Public transport system in England

The Hartlepool trolleybus system once served the town of West Hartlepool, and linked it with the town of Hartlepool, in County Durham, England. The two towns have since been fused.

==History==
Opened on , the Hartlepool system initially replaced the West Hartlepool portion of the Hartlepool Electric Tramways. That portion had been purchased by the West Hartlepool Corporation on 31 August 1912.

The first of the West Hartlepool tramways to be closed was the Foggy Furze line, which was shut down on 4 October 1923. The services on that line were temporarily replaced by motor buses, until opening of the trolleybus system. The Ward Jackson Park tramway was next to be closed, in November 1925.

Conversion of the tramway from West Hartlepool to Hartlepool was a more complex process, because the Hartlepool Corporation had obtained powers to run motor buses. Following lengthy negotiations, Hartlepool purchased the portion of the tramway within its boundaries, and, under the Hartlepool Corporation Trolley Vehicles Act 1926, was given powers to operate trolleybuses. Conversion of the West Hartlepool to Hartlepool line then took place on 22 February 1927.

One month later, on 25 March 1927, the Seaton Carew tramway was converted, bringing Hartlepool's tramway era to an end, and its trolleybus system to its greatest extent.

The system as a whole was operated by West Hartlepool Corporation. However, the route between the two towns was run on behalf of both authorities. The trolleybuses used on that route were jointly owned; each Corporation paid half the running costs of the joint route and was entitled to half of its revenue.

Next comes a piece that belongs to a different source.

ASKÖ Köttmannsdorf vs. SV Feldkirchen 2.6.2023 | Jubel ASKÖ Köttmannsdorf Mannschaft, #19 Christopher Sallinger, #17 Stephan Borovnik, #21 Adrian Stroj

After the end of World War II, West Hartlepool Corporation decided to replace the trolleybus system with motor buses. In 1949, the Seaton Carew route was shut down. Closure of the other two West Hartlepool lines soon followed. Finally, on , the joint route was closed.

==Services==
By the standards of the various now defunct trolleybus systems in the United Kingdom, the Hartlepool system, with its four routes, was quite small.

==Fleet==
West Hartlepool's first trolleybuses were four Railless 4-wheel vehicles with Short Brothers 36-seat bodywork. They were numbered 1–4. In 1926, they were joined by two similar vehicles (Nos. 5–6) and a double-deck version (No. 7).

The first jointly owned vehicles were twelve Straker-Clough single-deckers (Nos. 8–19). They entered service in 1927. In 1938, these vehicles were replaced by more jointly owned units, this time high capacity double-deckers (Nos. 32–39), built by Daimler. All of the jointly owned vehicles carried the armorial devices of the two Corporations on their side panels.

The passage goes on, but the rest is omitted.